A Collection of America’s Finest Personal Journalism

edited by Walt Harrington

Pub Date: Sept. 9th, 2005
ISBN: 0-8021-4224-9
Publisher: Grove

A collection of first-person journalism edited by former Washington Post reporter Harrington (The Everlasting Stream, 2002, etc.).

Harrington (Literary Journalism/Univ. of Illinois, Urban-Champaign) here aims to dispel the old journalistic cliché: that a journalist writing about him/herself is always “self-indulgent and, quite likely, narcissistic.” He couldn’t have put together a better lineup of writers to make the point that it doesn’t have to be. Scott Anderson’s “Prisoners of War,” a 40-page mini-opus about the thrill and horror of being a war reporter, depicts with astonishing honesty the almost limitless selfishness that moves danger-seekers. The author flickers back and forth between his quixotic, quite possibly insane search for a missing man in one of the most dangerous parts of Chechnya and his near-execution, along with brother Jon Lee Anderson (known for his reports from Baghdad), at the hands of Tamil Tigers.
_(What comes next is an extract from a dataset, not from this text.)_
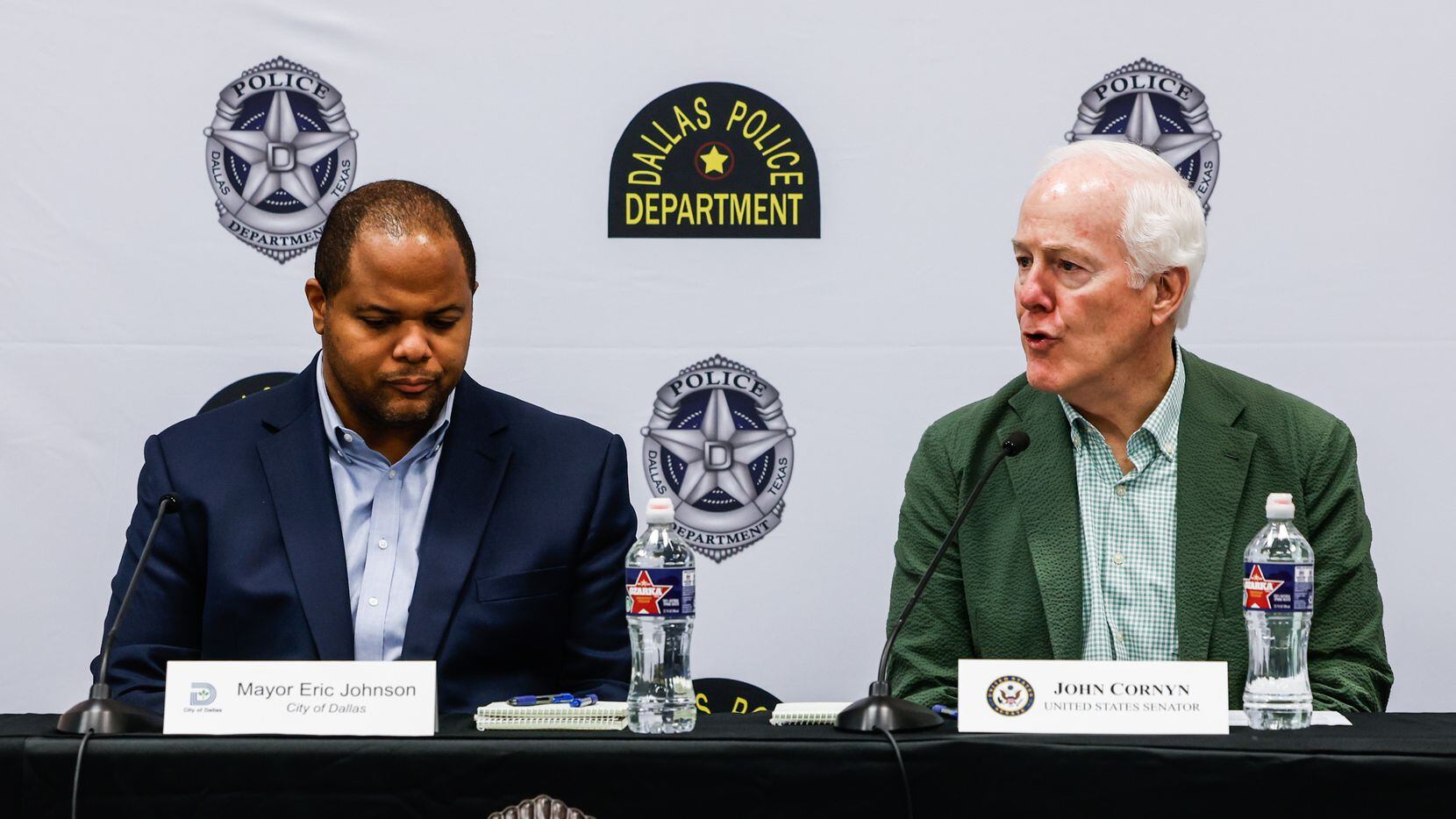 Dallas Mayor Eric Johnson, left, during a discussion panel with Texas Sen. John Cornyn about...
Anderson’s piece is almost matched by Davis Miller’s “My Dinner with Ali,” in which the writer goes looking for the aged boxer and ends up practically getting adopted by the champ’s family, who are quite used to Ali bringing home strays. Even lesser pieces are well executed: “A Day at the Dogfights” may be laden with tired hardboiled clichés, but Harry Crews crams it fit to burst with vivid imagery; and Mike Sager’s “Last Tango in Tahiti,” the Apocalypse Now–esque story of hunting down Marlon Brando for an interview, is as funny as it is self-aggrandizing. “Her Blue Haven” is a Sunday-magazine-style recollection by L.A. sportswriter Bill Plaschke of his meeting with a rabid Dodgers fan afflicted with cerebral palsy. It could have been the most sentimental piece of the bunch; instead, it is a crushingly painful story rendered with true beauty.

Not just some of the country’s finest personal journalism, but some of its finest journalism, period.